What you will do: Output each record verbatim, with pictures left out.

Stored data:
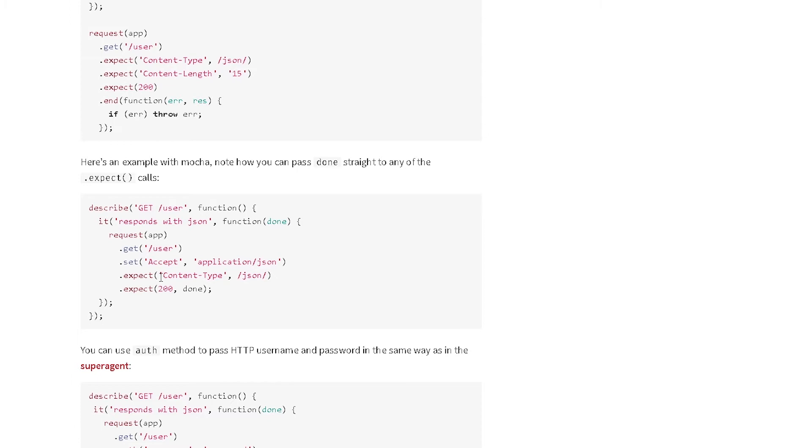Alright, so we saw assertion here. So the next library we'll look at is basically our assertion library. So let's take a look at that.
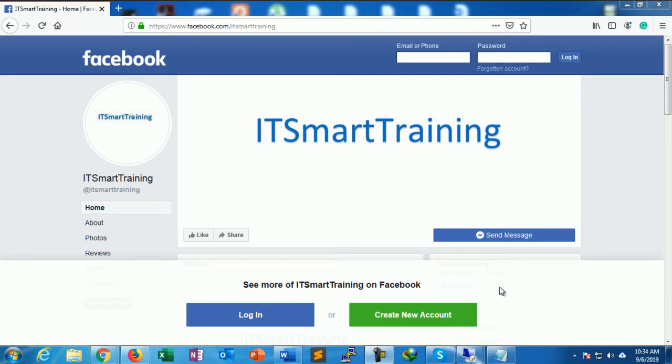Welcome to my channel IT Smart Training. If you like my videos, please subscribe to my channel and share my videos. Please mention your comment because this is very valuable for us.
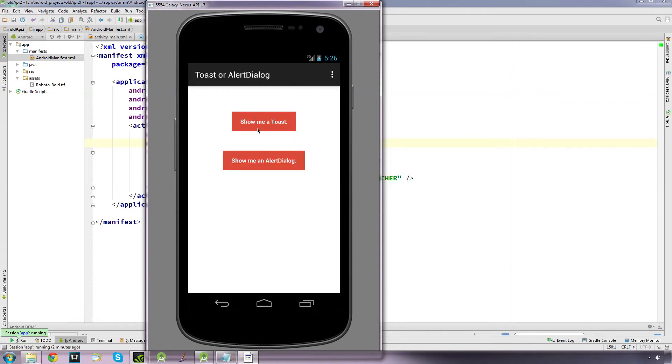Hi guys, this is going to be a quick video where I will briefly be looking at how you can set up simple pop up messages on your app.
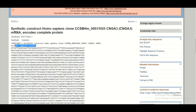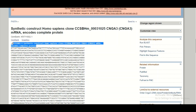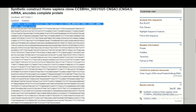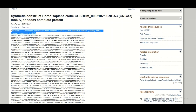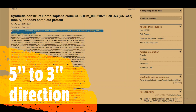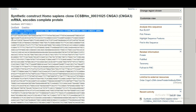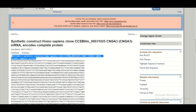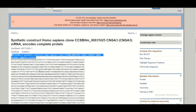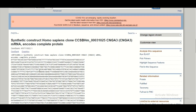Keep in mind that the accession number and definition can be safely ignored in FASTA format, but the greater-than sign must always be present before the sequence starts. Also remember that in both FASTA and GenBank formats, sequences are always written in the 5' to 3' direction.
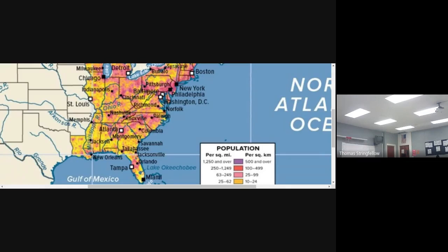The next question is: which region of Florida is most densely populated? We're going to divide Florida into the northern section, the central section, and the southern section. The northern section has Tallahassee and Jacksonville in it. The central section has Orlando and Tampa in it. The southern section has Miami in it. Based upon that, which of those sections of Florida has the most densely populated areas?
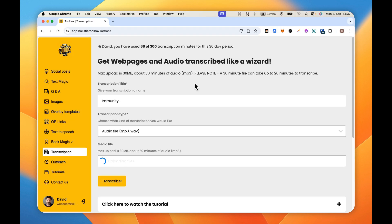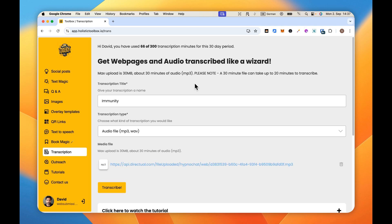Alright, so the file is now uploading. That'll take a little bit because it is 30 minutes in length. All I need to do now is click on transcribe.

Your solution:
Alright, so we saw assertion here. So the next library we'll look at is basically our assertion library. So let's take a look at that.
Welcome to my channel IT Smart Training. If you like my videos, please subscribe to my channel and share my videos. Please mention your comment because this is very valuable for us.
Hi guys, this is going to be a quick video where I will briefly be looking at how you can set up simple pop up messages on your app.
Keep in mind that the accession number and definition can be safely ignored in FASTA format, but the greater-than sign must always be present before the sequence starts. Also remember that in both FASTA and GenBank formats, sequences are always written in the 5' to 3' direction.
The next question is: which region of Florida is most densely populated? We're going to divide Florida into the northern section, the central section, and the southern section. The northern section has Tallahassee and Jacksonville in it. The central section has Orlando and Tampa in it. The southern section has Miami in it. Based upon that, which of those sections of Florida has the most densely populated areas?
Alright, so the file is now uploading. That'll take a little bit because it is 30 minutes in length. All I need to do now is click on transcribe.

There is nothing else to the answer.